Several oceanographers like the idea of sucking up trash before it gets into the ocean. One potentially scalable cleanup project is the nifty Baltimore Water Wheel, a trash-collection vessel that’s been in the works for a while in Baltimore’s Inner Harbor. The premise is simple, and it’s a veritable green success — a solar-powered, hydro-powered contraption that lifts garbage from the river and drops it in a dumpster barge. It’s far more likely that we could replicate that kind of thing at all the trash-flowing pinch points around the world than build magical booms and nets. And some of the research that marine debris scientists are close to wrapping up right now, says Kara Lavender Law, includes a comprehensive mapping of those pinch points. That is going to tell us a lot.

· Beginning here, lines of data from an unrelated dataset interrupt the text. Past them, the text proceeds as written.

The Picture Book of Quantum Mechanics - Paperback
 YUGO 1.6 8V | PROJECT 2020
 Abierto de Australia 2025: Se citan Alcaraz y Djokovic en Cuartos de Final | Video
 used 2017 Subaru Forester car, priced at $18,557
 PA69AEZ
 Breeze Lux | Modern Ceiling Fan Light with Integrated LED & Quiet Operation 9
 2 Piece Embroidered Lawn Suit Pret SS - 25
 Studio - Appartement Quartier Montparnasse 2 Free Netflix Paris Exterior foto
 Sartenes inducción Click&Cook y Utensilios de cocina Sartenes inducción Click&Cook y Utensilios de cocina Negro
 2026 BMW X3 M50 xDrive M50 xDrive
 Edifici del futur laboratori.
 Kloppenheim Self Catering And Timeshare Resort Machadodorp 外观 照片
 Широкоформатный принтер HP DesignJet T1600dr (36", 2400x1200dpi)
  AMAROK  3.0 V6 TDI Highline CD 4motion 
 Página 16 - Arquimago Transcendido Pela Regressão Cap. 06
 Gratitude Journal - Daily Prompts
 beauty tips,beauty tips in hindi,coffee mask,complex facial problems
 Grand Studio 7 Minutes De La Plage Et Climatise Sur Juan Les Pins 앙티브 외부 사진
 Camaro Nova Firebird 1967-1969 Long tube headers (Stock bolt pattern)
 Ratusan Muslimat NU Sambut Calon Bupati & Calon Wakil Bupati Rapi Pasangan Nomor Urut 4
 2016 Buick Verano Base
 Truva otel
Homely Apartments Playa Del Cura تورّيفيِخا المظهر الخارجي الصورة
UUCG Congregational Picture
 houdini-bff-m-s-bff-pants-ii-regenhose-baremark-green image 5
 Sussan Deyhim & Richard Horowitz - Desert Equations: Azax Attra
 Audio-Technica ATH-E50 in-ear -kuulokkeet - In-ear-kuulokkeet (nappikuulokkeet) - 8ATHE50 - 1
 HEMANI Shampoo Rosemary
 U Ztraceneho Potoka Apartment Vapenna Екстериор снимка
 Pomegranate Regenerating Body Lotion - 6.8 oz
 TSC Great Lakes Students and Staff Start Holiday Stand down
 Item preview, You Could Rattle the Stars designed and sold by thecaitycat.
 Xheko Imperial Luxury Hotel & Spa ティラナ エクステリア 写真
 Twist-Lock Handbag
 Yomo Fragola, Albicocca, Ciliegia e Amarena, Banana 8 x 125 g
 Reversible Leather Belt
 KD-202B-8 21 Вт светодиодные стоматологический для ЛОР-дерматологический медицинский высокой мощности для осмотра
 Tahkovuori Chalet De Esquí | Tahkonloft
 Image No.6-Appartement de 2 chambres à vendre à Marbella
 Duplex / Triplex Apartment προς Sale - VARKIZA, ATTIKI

6. People can pick up millions of pounds of trash from the coastlines in a single day. That’s something.

The Ocean Conservancy’s annual International Coastal Cleanup, an event that took place last weekend across the world, gathers hundreds of thousands of people who pluck millions pounds of trash from our coastlines (12.3 million in 2013, to be exact; and yup, the majority of that trash is made of plastic). The cleanup also collects valuable data for the Ocean Conservancy about where that trash is coming from and what it consists of. It’s not perfect, or a real solution, says the Conservancy’s George Leonard, because “we have to come back every year and do it all over again,” but hey: It’s one part of a big global push to think about this stuff — and to act.

7. Ultimately, the cleanup solution probably starts on land.

The one thing that seems consistent across the scientific community is this: We started this plastic problem on land, so that’s where we should fix it. If we can produce less, produce smarter products, and all do our part — don’t use straws, use reusable cups and bags, spurn all things plastic à la Beth Terry, etc. — things could (maybe) shift. And they already are, at least a little bit.

There’s been a surge of ban the microbead campaigns and single-use plastic bag bans around the country — most recently, in California. Some argue this kind of legislation is hardly a carbon win, but at least there’s a bigger, government-led understanding that reuse in general is a good thing. The Ocean Conservancy belongs to a group called the Trash-Free Seas Alliance that is working alongside product manufacturers to have better rules around the production, structure, and content of plastics. And Erik Zettler points out that the plastic-eating microbe research he’s working on might lead to a form of plastic that could, in fact, harmlessly break down in our oceans.

8. And there is some good news.

If we can keep that momentum going, Zettler, for one, is hopeful. “The ocean is a remarkably resilient ecosystem,” he says, pointing out that we’ve had a lot of success with marine protected areas. If we could somehow shut down the flow of plastics, the ocean just might — over time — have “the ability to heal itself.”